Nach meiner Kenntnis haben an dieser Prüfung bisher 15 als Betreuer Tätige teilnehmen können - bei einem von Staatssekretär Herrn Professor Dr. Schimanke bereits am 2. Dezember 1999 im Ausschuss für Arbeit, Gesundheit und Soziales genannten Nachqualifizierungsbedarf von ca. 160 Personen.

Bei Nichtinanspruchnahme der Möglichkeit der Verlängerung der im Gesetz genannten Übergangsfrist bis zum 31. Dezember 2002 durch das Land entstehen den bisher nicht geprüften Betreuerinnen und Betreuern wie auch vielen Betreuungsvereinen finanzielle Einbußen, da eine Eingruppierung in niedrigere Vergütungsstufen als bisher üblich erfolgt.
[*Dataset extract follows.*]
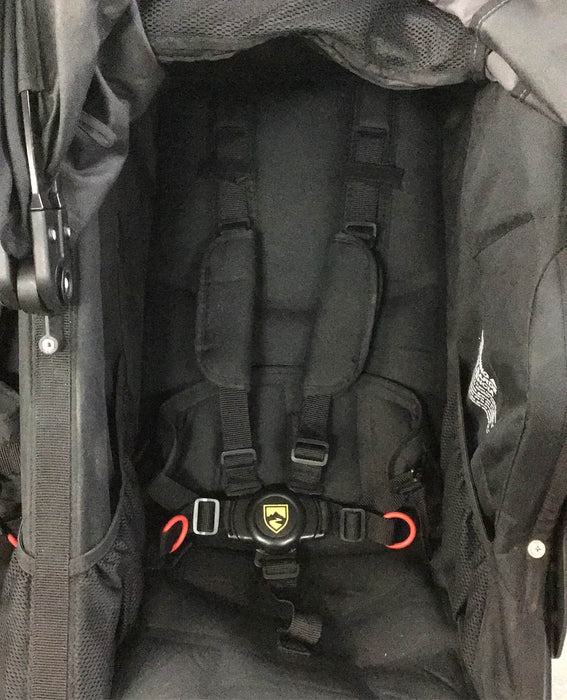 Shop BOB Revolution Flex 3.0 Duallie Stroller, 2020, Graphite Black at Goodbuygears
Um dies im Interesse der Betreuerinnen und Betreuer sowie der Betreuungsvereine, aber insbesondere im Interesse der Aufrechterhaltung entstandener Betreuungsstrukturen in einer guten Qualität zu sichern, stellt die PDS-Fraktion den Ihnen vorliegenden Antrag und beantragt aufgrund der äußerst engen Terminsetzung und der Ihnen vorgetragenen Begründung eine Direktabstimmung.

(Zustimmung bei der PDS)

Im Ältestenrat ist eine Fünfminutendebatte vereinbart worden in der Reihenfolge DVU-, FDVP-, CDU-, SPDund PDS-Fraktion. Vorher hat für die Landesregierung Frau Ministerin Schubert um das Wort gebeten. Bitte.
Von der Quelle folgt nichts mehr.